The collision probability of ciphertext blocks also depends on the size of the 
plaintext (record size  in a TLS implementation) in each call of the GCM 
encryption function.  Let's call each plaintext  to be 2^x 128-bit blocks.

TLS 1.3 uses 96-bit IV. 

If someone wants the collision probability below 1/2^y such as 1/2^24 or 1/2^32 
(2^32 = 4,294,967,296 and 2^24 = 16,777,216 ), the total number of plaintext 
blocks under a given key must be 2^((96 + x - y)/2) or lower.  

So, 2^((96 + x - y)/2) 128-bit blocks are the limit to achieve  IND-* with GCM. 

If someone does not need IND-* property, the above restriction is not needed.

Quynh. 


________________________________________
From: TLS <tls-boun...@ietf.org> on behalf of Yoav Nir <ynir.i...@gmail.com>
Sent: Thursday, December 17, 2015 6:07 AM
To: Nikos Mavrogiannopoulos
Cc: tls@ietf.org; Simon Josefsson
Subject: Re: [TLS] Data volume limits

> On 17 Dec 2015, at 10:19 AM, Nikos Mavrogiannopoulos <n...@redhat.com> wrote:
>
> On Wed, 2015-12-16 at 09:57 -1000, Brian Smith wrote:
>
>> Therefore, I think we shouldn't add the rekeying mechanism as it is
>> unnecessary and it adds too much complexity.
>
> Any arbitrary limit for a TLS connection is almost guaranteed to cause
> problems in the future. We cannot predict whether 2^x should be
> sufficient for everyone, and I'm pretty sure this will prove to be a
> terrible mistake. TLS is already being used for VPNs and transferring
> larger amounts of data in long lived connections is a reality even
> today.

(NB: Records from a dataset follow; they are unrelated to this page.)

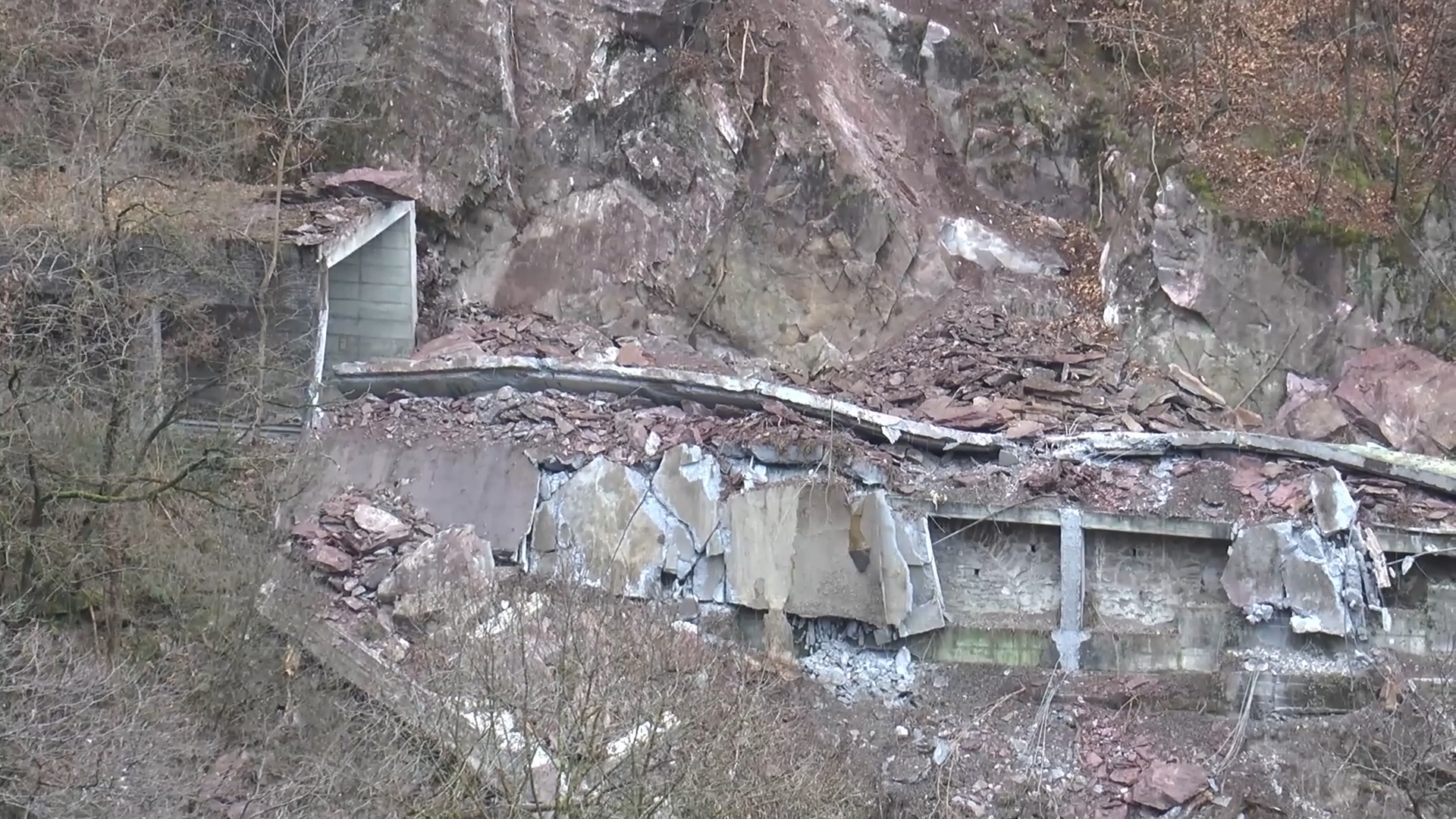 Pisogne, martedì le esplosioni per il disgaggio della frana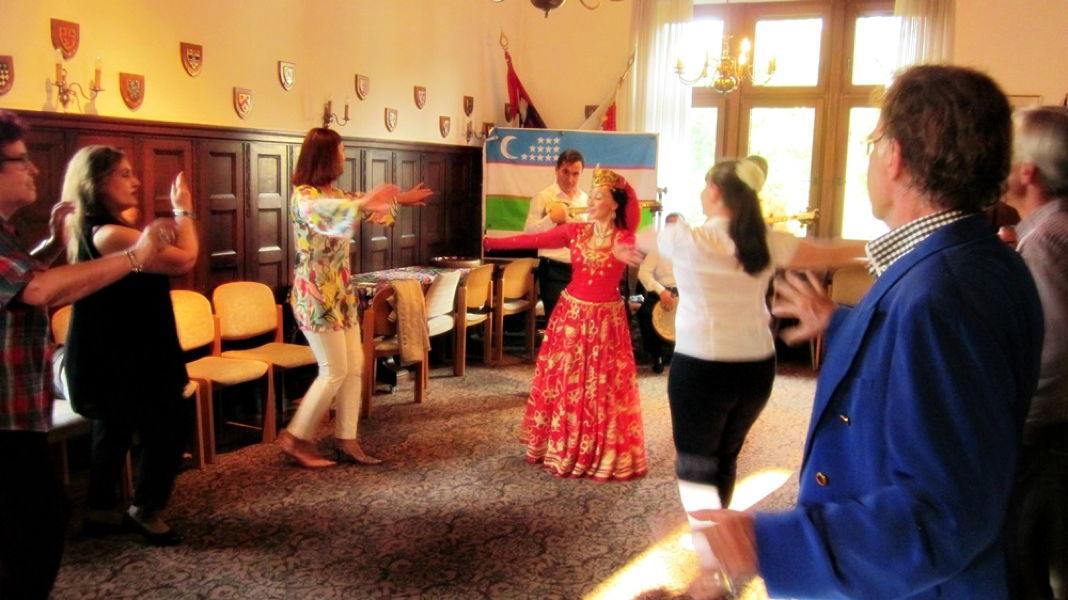 Konzert mit usbekischer Musik und Tanz 2014 img 80391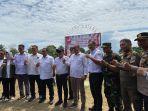 Pj-Gubernur-Sultra-Adhap-Budi-Revianto-panen-raya-bersama-di-SMKN-PP-5-Konawe.jpg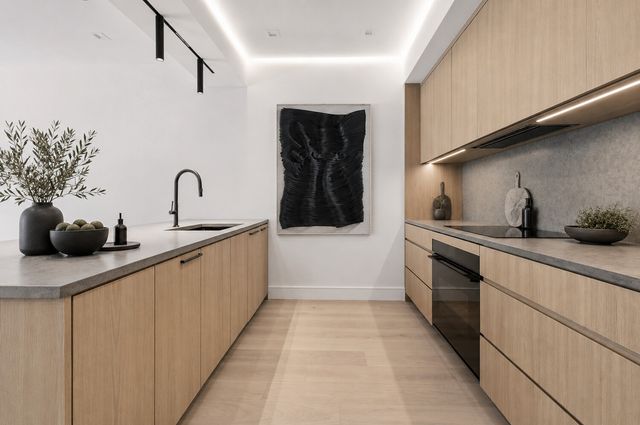 386 Kosciuszko St, New York City, NY 11221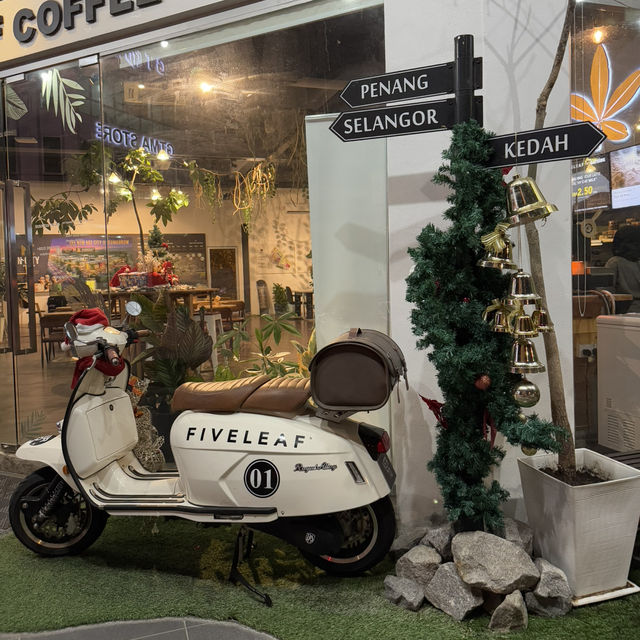 Sipping Christmas Joy at Five Leaf Coffee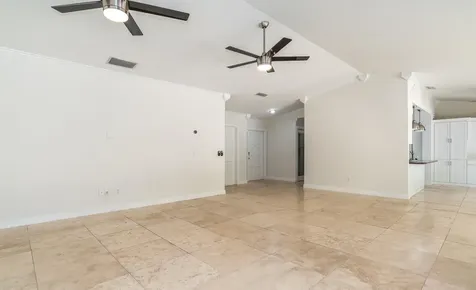2711 Nw 26th Circle Boca Raton FL 33431
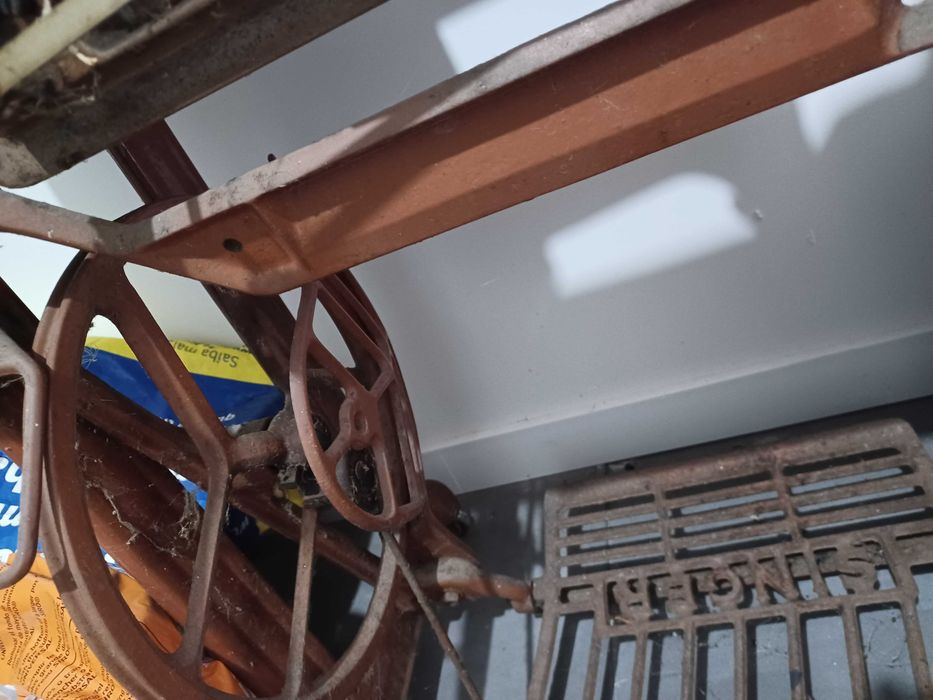 Máquina de costura Singer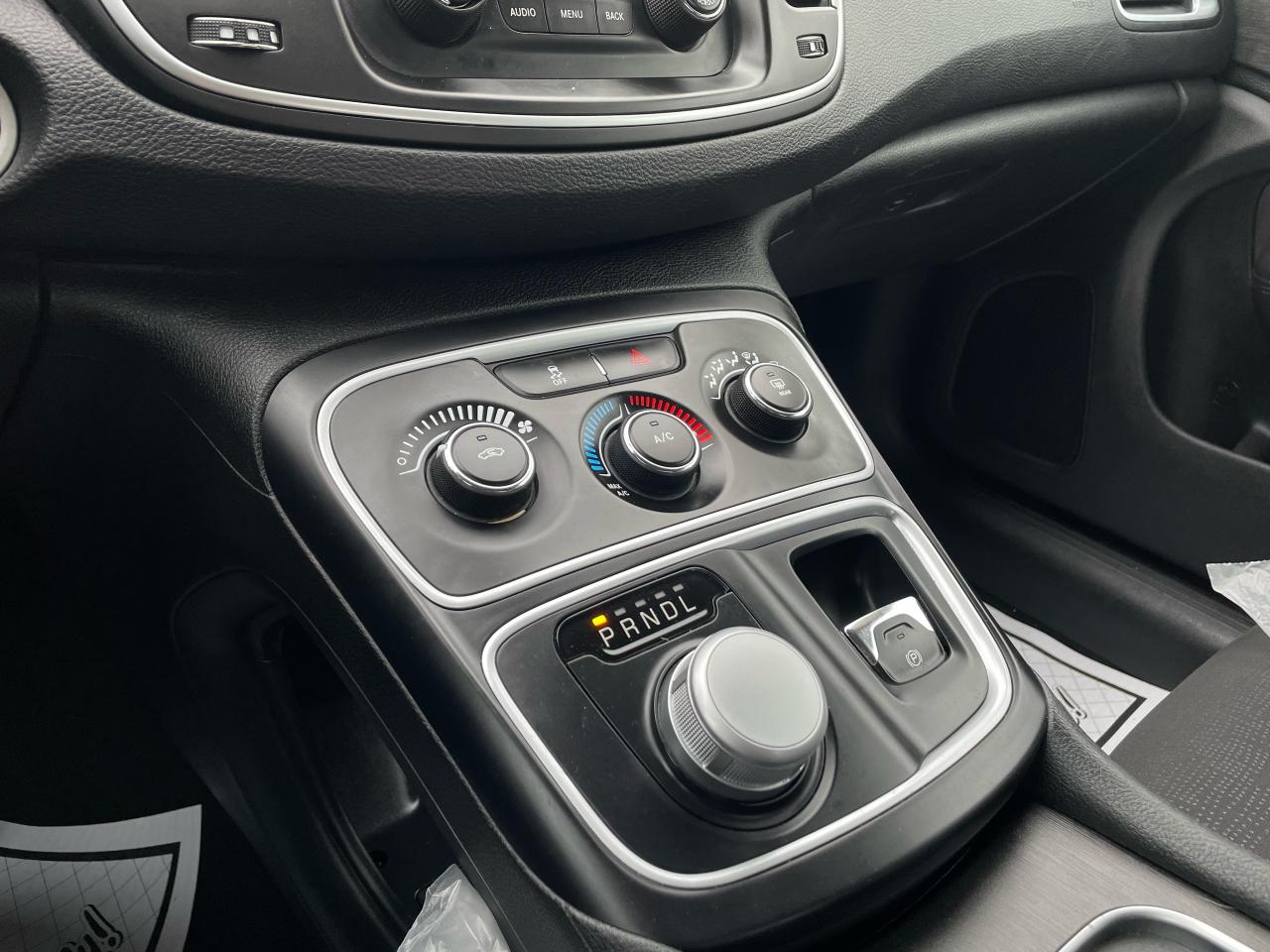 2015 Chrysler 200 LX *SAFETY, 1Y WARRANTY ENGINE & TRANSMISSION* - Photo #15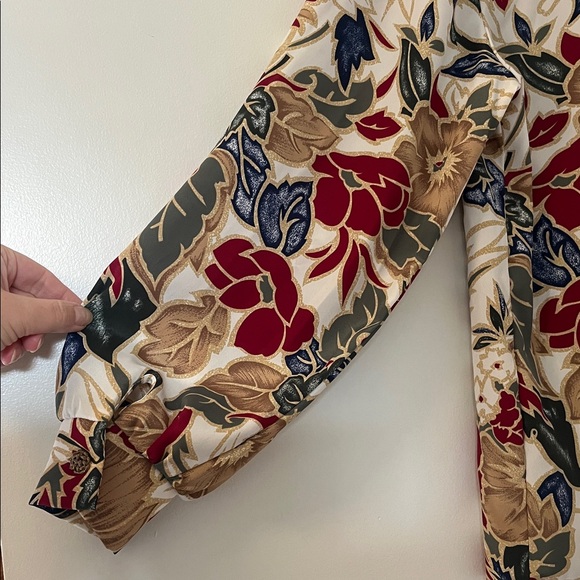 Tradition | Vintage Floral Button Up Shirt - Picture 6 of 13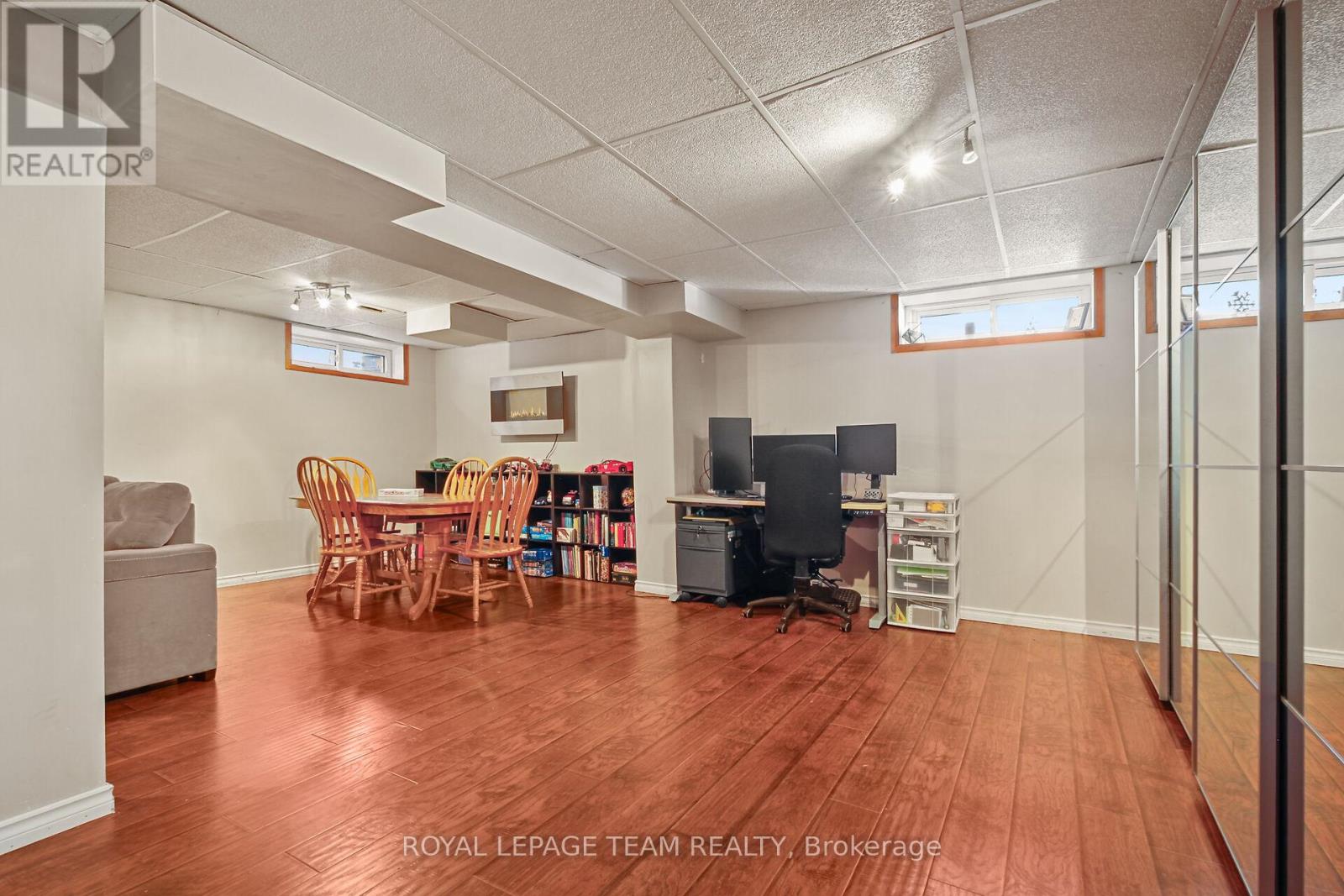 8 Huntsman Crescent, Ottawa, Ontario  K2M 1J2 - Photo 28 - X12939644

The rekey today happens using the reauthentication mechanism,
> which has very complex semantics. Converting these to a simpler and
> predictable rekey mechanism would be an improvement.

Agreed. The alternative to having a rekey mechanism is to push the complexity 
to the application protocol, requiring it to be able to use more than one 
connection to transfer all the data, which may require some sort of session 
layer to maintain state between connections.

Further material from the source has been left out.